Did you ever take a civics or government class? Not enough Americans have. Otherwise, the Supreme Court decision regarding the Affordable Care Act would be seen in a different light than what most pundits and commentators are currently painting it as.
This is not just a matter of the Chief Justice simply changing sides for one decision. This is not the story of a Supreme Court Justice suddenly developing a fondness for social programs. It's not a matter of extortion, or big business money. Not even a ploy to see if Glen Beck's head would explode. Although that would have been nice.
No. This was a matter of preserving the power of the Federal government, a government in which he holds a key and powerful position.
Those who did take one of those civics or government classes might remember going over something frequently referred to as the "Twelve Powers of Congress". Also known as Article I, Section 8 of the US Constitution. This section delineates exactly what areas of law that Congress has the power to legislate.
Sort of, anyway. One of the problems with having a constitution as short as ours is is that there's a lot of squishy language in there, written in 18th century legalese. So maybe it's not all as clear as it could be.
The Twelve Powers of the US Congress:
*Impose and collect taxes
*Borrow money
*Regulate interstate and international commerce
*Set immigration and naturalization law and policy
*Coin money, and establish punishment for counterfeiting currency
*Establish post offices and roads
*Provide for registry of patents and copyrights
*Constitute lower Federal Courts
*Define and provide punishments for piracy, treason, and crimes against other nations
*Declare war, raise armies, provide and maintain a navy, establish military law, call up militias, and organize them to the extent needed for Federal purposes
*Run Washington DC
*Make laws to do all of this
Did you see how I bolded "regulate interstate and international commerce"? This is sometimes referred to as the Commerce Clause, Interstate Commerce Clause, or just ICC for short.
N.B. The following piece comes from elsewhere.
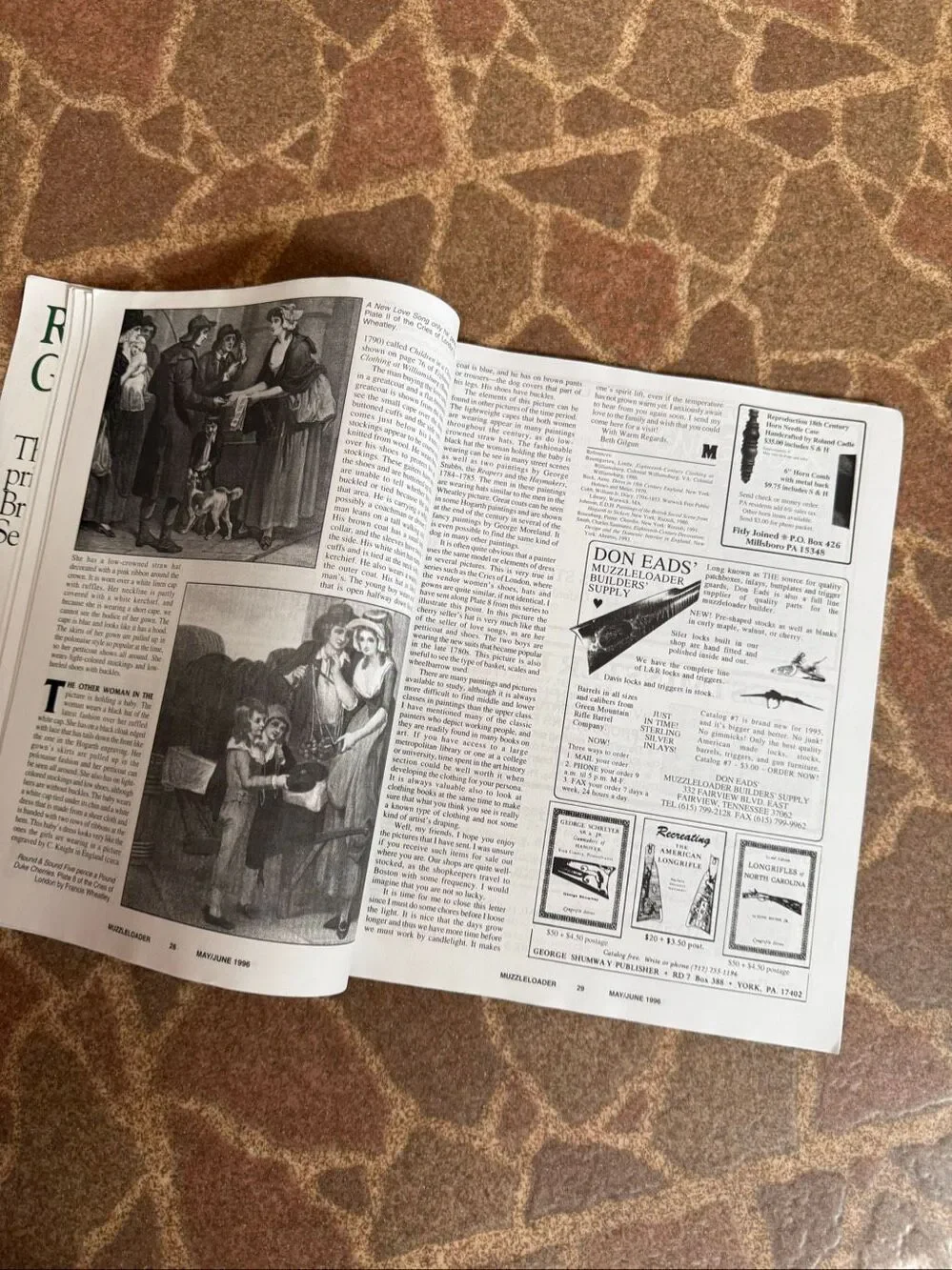 Vintage Muzzleloader Magazine 1996 Black Powder Shooter Historical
It is very likely the most abused clause in the entire constitution, because Congress passes tons of laws that have nothing to do with any of the other powers, but somehow have something to do with interstate commerce. To help this process along, Federal courts have even ruled that intrastate commerce is really interstate commerce, due to some sort of "butterfly effect" or something.
Really. A farmer was fined for growing too much wheat, since the Federal government set limits on wheat production during WW2 to drive up wheat prices. Apparently, Congress didn't think that bread was expensive enough.
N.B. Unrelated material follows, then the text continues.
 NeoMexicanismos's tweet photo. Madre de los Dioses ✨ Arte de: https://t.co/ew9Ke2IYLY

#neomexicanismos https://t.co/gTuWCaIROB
The farmer contended that the extra wheat was for his own use on his own farm. To feed his animals, family, and help. As such, it never entered commerce at all, either interstate or intrastate. But Federal courts upheld the fine and the law, contending that the extra wheat that he grew and ate was somehow depressing wheat prices in other states.
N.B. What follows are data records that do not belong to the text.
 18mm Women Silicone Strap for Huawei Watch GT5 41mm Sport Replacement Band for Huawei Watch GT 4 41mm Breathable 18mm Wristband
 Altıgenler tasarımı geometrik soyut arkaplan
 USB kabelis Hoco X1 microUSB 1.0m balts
This case, Wickard v Filburn (1942), opened up the floodgates for the Federal government to exercise its power over pretty much anything, anywhere, anytime. All they had to do was say that it affected interstate commerce, and the Supreme Court had more or less defined everything as being somehow related to interstate commerce.
What followed, of course, was a plethora of laws that, in my opinion and that of many others, have squat to do with interstate commerce, and really nothing to do with Congress' other powers, either. Some are benign or even beneficial, like the Civil Rights Act of 1964. Others are immensely destructive, like the Controlled Substances Act of 1970.
Aside from Roberts, the other four authoritarian conservative justices were willing to invalidate the law entirely, using the fact that Congress has no such power to force people to buy insurance. To be sure, such a law certainly has nothing to do with post roads or patents.
Or even interstate commerce, really, since insurance is state regulated and insurance companies are technically barred from doing business across state lines. I might even write a lengthy piece in the future as to that second matter.
As much as Roberts might have liked to have joined his conservative colleagues in invalidating a commie sociofascist law, he certainly didn't want to invalidate most of his own power, either. That would suck for him. Because doing so would be to overturn decades of precedent of using the ICC to justify almost anything and everything that Congress wants to do.
So he joined the four centrist/liberals, and ruled that Congress damned well could do this. Under the taxation clause. This ruling sidesteps any use of the ICC at all, and safely preserves the power of Congress and the rest of the Federal government to do any damn thing they want to.
I was sort of hoping that he'd join the rest of the RATS (TAKS?). As much as I'd hate to see the Civil Rights Act challenged in court after the evisceration of the ICC, I would have really loved to see the inevitable challenge to the Controlled Substances Act. Plus at least another third of the US Code.
It would have been tumultuous and entertaining. It would have clogged the courts for years. It would have had many consequences, good and bad, intended and unintended.
Ultimately, it would have restored the Federal government to its true scope of power. In theory at least.
It would have been wild and woolly. But the Chief Justice of the Supreme Court switched sides to keep it from happening. At least he's interested in preserving one job.
His own.
That's my theory, anyway. Makes sense to me.